Provided records below:

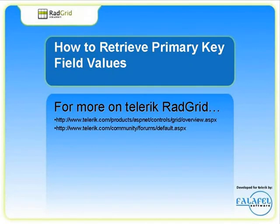For more Telerik videos, technical discussion forums, and examples, please go to www.telerik.com.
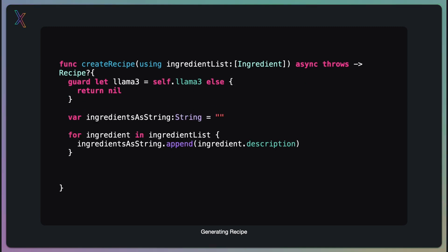Let's prepare the list of ingredients for the AI model. Here, we are converting our list of ingredient objects into a single string. This step is crucial because our AI model expects input in a specific format. We iterate through each ingredient, appending its description to our string. This process transforms our structured data into a format that AI can understand and work with.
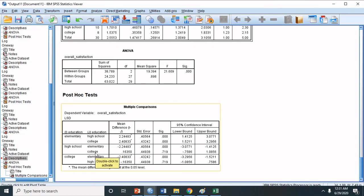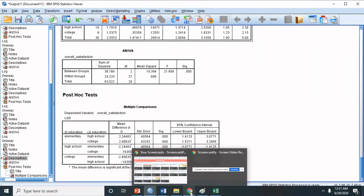Comparing high school and college generates a P value of 0.719, which is above 0.05. This means there is no significant difference in the level of satisfaction between high school and college level parents. In other words, their levels of satisfaction are most likely the same.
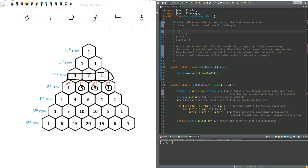Hey guys, Mark here. Welcome to a little problem-solving video. Today we have a problem regarding Pascal's triangle. The basic problem asks: given an index of Pascal's triangle, return the list representation of the nth index of Pascal's triangle, or rather the row.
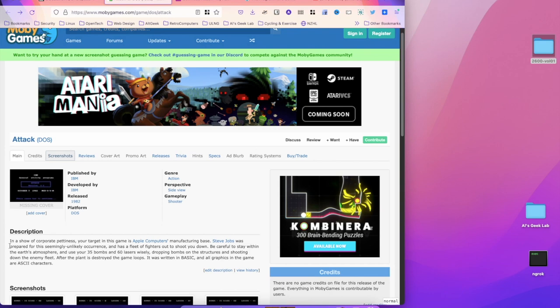After the plant is destroyed, the game loops. It was written in BASIC and all graphics in the game are ASCII characters. I'll show you the code—a brief summary of the code of the game—at the end of this video. But I just found this very interesting, that basically people within IBM still had this anti-competitive mindset, were against Apple clearly at the beginning of the IBM PC.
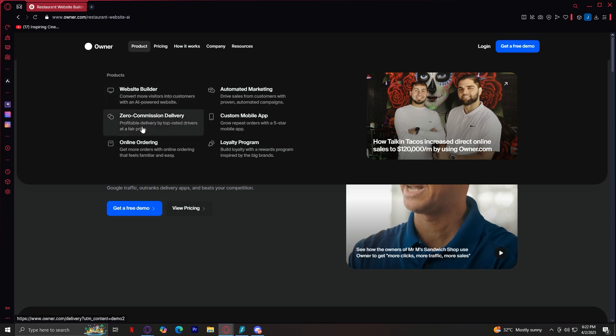Moving on, we have zero commission delivery. Many third-party delivery platforms charge high commissions, eating into profits. Owner offers zero commission delivery, meaning restaurants keep 100% of their earnings. This allows for better pricing and higher revenue.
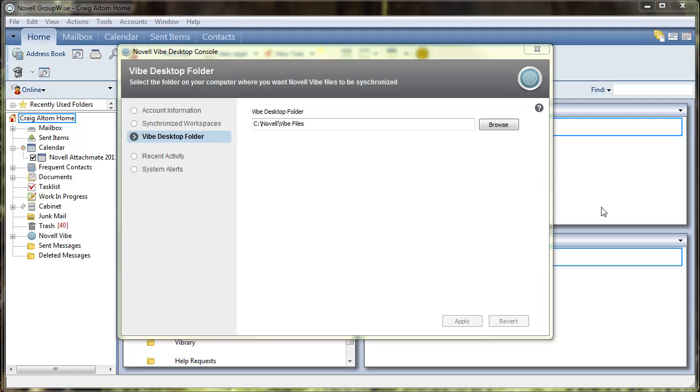Hello and welcome back to the Novell Vibe Resource Library video series. Today we're going to be doing a demo on how you can synchronize your desktop console with GroupWise.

End of Provided records.

Output exactly and only the lines from the line containing "Hey guys, Mark" to the end of the entries, both included, and omit every picture.

Hey guys, Mark here. Welcome to a little problem-solving video. Today we have a problem regarding Pascal's triangle. The basic problem asks: given an index of Pascal's triangle, return the list representation of the nth index of Pascal's triangle, or rather the row.
After the plant is destroyed, the game loops. It was written in BASIC and all graphics in the game are ASCII characters. I'll show you the code—a brief summary of the code of the game—at the end of this video. But I just found this very interesting, that basically people within IBM still had this anti-competitive mindset, were against Apple clearly at the beginning of the IBM PC.
Moving on, we have zero commission delivery. Many third-party delivery platforms charge high commissions, eating into profits. Owner offers zero commission delivery, meaning restaurants keep 100% of their earnings. This allows for better pricing and higher revenue.
Hello and welcome back to the Novell Vibe Resource Library video series. Today we're going to be doing a demo on how you can synchronize your desktop console with GroupWise.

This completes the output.